WASHINGTON: The United States will notify a first batch of 54 refugees of their acceptance to be resettled under a deal with Australia within days, a US official said Friday.
The refugees, held on Nauru and Papua New Guinea’s Manus Island in the western Pacific, some of them for years, could arrive in the United States in weeks, according to the official.
The temporary US ban on refugee arrivals and the annual refugee cap will not be applied to the group, part of some 1,250 people that former US president Barack Obama agreed to accept in a deal with Canberra in November 2016.
In return Australia agreed to take an unspecified number of asylum-seekers from Central America that entered the United States illegally.
“Our commitment to the US-Australian alliance is important to us, and we know this is important for Australia,” said the official, who asked to not be identified.
As a deterrent, Australia sends illegal arrivals to isolated detention camps with the aim of resettling them to third countries eventually.
More than 1,000 people, many of them from Iran, Pakistan, and Afghanistan, live in the camps on the two remote islands. Australia has labelled most of them “economic refugees”.
The nationalities of those in the group of 54 have not been made public, but the US official said they have been cleared in security checks.
“All refugees approved for travel to the United States from Nauru and Papua New Guinea have passed the same stringent vetting processes that apply to all refugees considered for admission to the United States,” the official said.

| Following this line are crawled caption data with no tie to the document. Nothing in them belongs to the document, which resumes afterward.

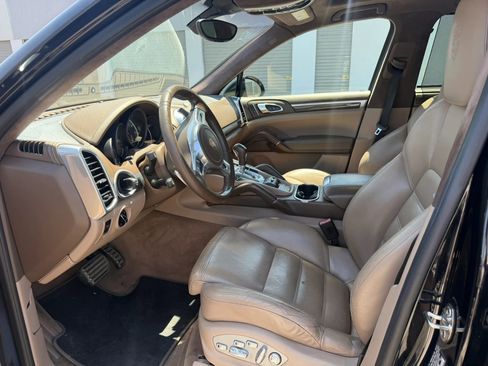 Used 2014 Porsche Cayenne Turbo S AWD/4WD image 8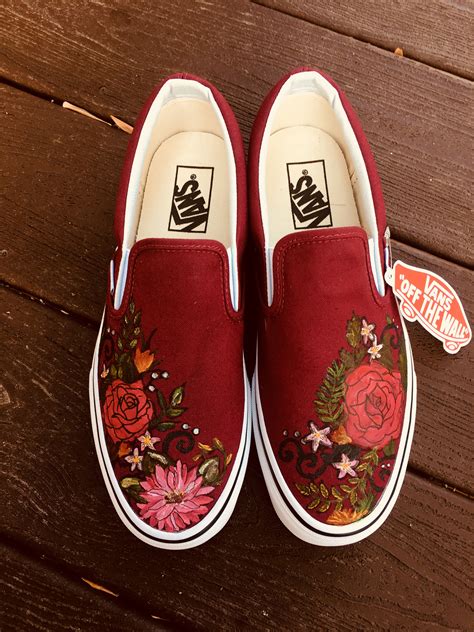 Simple Floral design painted on slip on Vans. | Painted shoes, Custom ...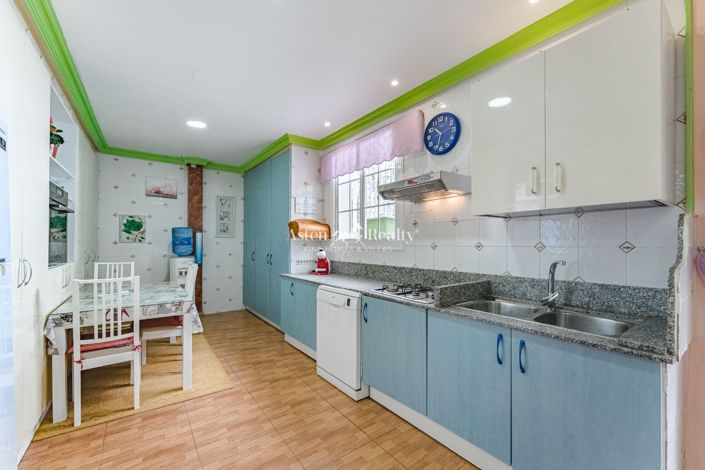 Image No.45-15 Bed Property for sale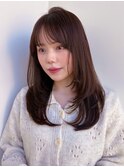 ミディアム/レイヤーカット/顔周りカット/ベージュ/透明感カラー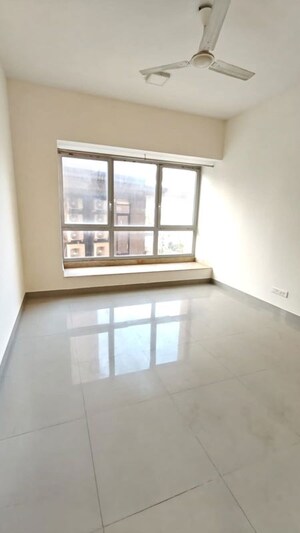 Room in 4 BHK Apartment at DB Woods, Goregaon East – for Sale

In January, just after Donald Trump became president, there were some worries that Washington would not honour Obama’s agreement.
Trump became furious when Australian Prime Minister Malcolm Turnbull raised the deal in a phone call. He told Turnbull the United States “has become like a dumping ground” and that Obama’s agreement was a “disgusting deal,” according to a transcript of the call.
“I hate taking these people. I guarantee you they are bad,” Trump said at the time.